People who only knew Pryor from his middling movies and brief appearances on variety shows such as "The Ed Sullivan Show," which once owned Sunday nights, saw another side of what tuned out to be someone who had a philosophy, and lots more talent than was known before. The controversy also helped propel Pryor further into the stratosphere of multiple threat entertainers, and he had careers now in standup tours, the spin-off movies made from the tours (there was no video then for the masses) and LP comic albums made from the same.
The cover for the concert LP "Was it Something I Said?" featured a tied-up perplexed looking Richard Pryor, against a tree lit by a circle of torches out in the woods surrounded by angry white-robed Ku Klux Klansmen. Pryor knew the effect of his comical observations on American society, much like the rap group Public Enemy, whose emblem was the silhouette of a young Black man in a bowler hat, arms crossed defiantly and non-chalantly, but superimposed in the cross-hairs of a sniper rifle.
NBC also was the risk-taking network that made a bold play putting on the Richard Pryor Show, then backed off after they made their move. They were called the Peacock Network because they were the first to broadcast "in living colour," and put the ground breaking formula breaking Science Fiction series "Star Trek" on the air which featured the first interracial kiss between Capt Kirk and Lt. Uhuru. They later canceled the controversial show as they later did Pryor's. NBC is often forth in the ratings of the now 6 or so free TV networks
Pryor's hometown of Peoria a year or so ago passed on erecting a monument or publicly acknowledging their native son after local boosters broached the idea.
RICHARD PRYOR MOVIES:
Lady Sings The Blues -- Pryor was nominated for a Best Supporting Actor in this period biopic of Billie Holiday for his role as her pal the Piano Man.
Bingo Long and the Traveling all Stars and Motor Kings --a sprawling historical period film about the early years of the barnstorming Negro Leagues re-teaming Pryor with "Lady Sings" the Blues'" Billy Dee Williams
Greased Lightning -- Much like "Bingo Long" this was a biopic about an early Black stock car driver.
Superman III -- Pryor is a rogue computer programmer who pilfers his defense contactor's funds. After discovery he uses him and his skills to entrap Superman. A comic-bookish third of fou rexisting Superman films with the late Christopher Reeves, co-staring Robert Vaughn ("Magnificent Seven", "Battle Beyond The Stars."
WattStax -- Pryor was the running colour commentator in the documentary about the Los Angeles community's arts, culture and entertainment festival.
Some Kind Of Hero -- Pryor is a Vietnam war vet who drives a busload of children to a new group foster home while pursuedby the authorities. Co-starring Cicely Tyson.
Blazing Saddles -- Pryor was a co-writer of Mel Brook's iconoclastic Western which featured the Black sheriff of the town ofRock Ridge taking on a criminal cowboy gang and Railroad Baron Hedley Lamarr .
Uptown Saturday Nite -- Sidney Poitier, Bill Cosby and Richard Pryor in a bit role as two working class guys head to New Orleans for some fun away from their wives, losing a winning lotteryticket.

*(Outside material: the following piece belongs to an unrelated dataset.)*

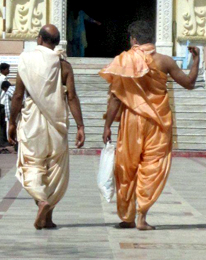 Gujarat: Leoni asiatici, templi e notti da Nababbi 5 Gujarat: Leoni asiatici, templi e notti da Nababbi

Blue Collar -- A dramatic role for Pryor where he, Harvey Kietel and Yaphet Kotto fight union corruption in their Detroit automaker's union.
Brewsters Millions -- Remake of the 1940s movie where Pryor's character has to spend millions within a set time to gain a fortune.
Critical Condition -- Fact-based movie about a walk-inimposter who assumed control of a large city hospital for weeks before being discovered.
Adios, Amigo -- Almost unwatchable movie directed by Fred Williamson about a Westward movement after Emancipation.
Another You -- The fourth pairing with Gene Wilder with Hollywood capitalizing on the popular screen pairings.
Car Wash -- Pryor had one of many screen cameos throughout his career here as a white on white-on-white wearing Pimpin' Preacher whose license plate read "TITHE" while his multiethnic band of a half-dozen Heavenly 'Hoes attended him as he was one of many characters who parade through a day in the lives of those attending a California car wash. Co stars included Franklin Ajaye.
Hit! -- Pryor reteams with Billy Dee Williams' rogue covert agent to take down a high placed drug lord
The Wiz -- Pryor played the title character helping the overage spinsterish Dorothy return to New York's Harlem, played by his co-star Diana Ross in "Lady Sings The Blues."
The Toy -- A racist manipulative billionaire purchases Pryor for his spoiled brat son as his personal plaything. Pryor turns the tables as he tutors the boy in life. Co-stars Jackie Gleason and Ned Beatty.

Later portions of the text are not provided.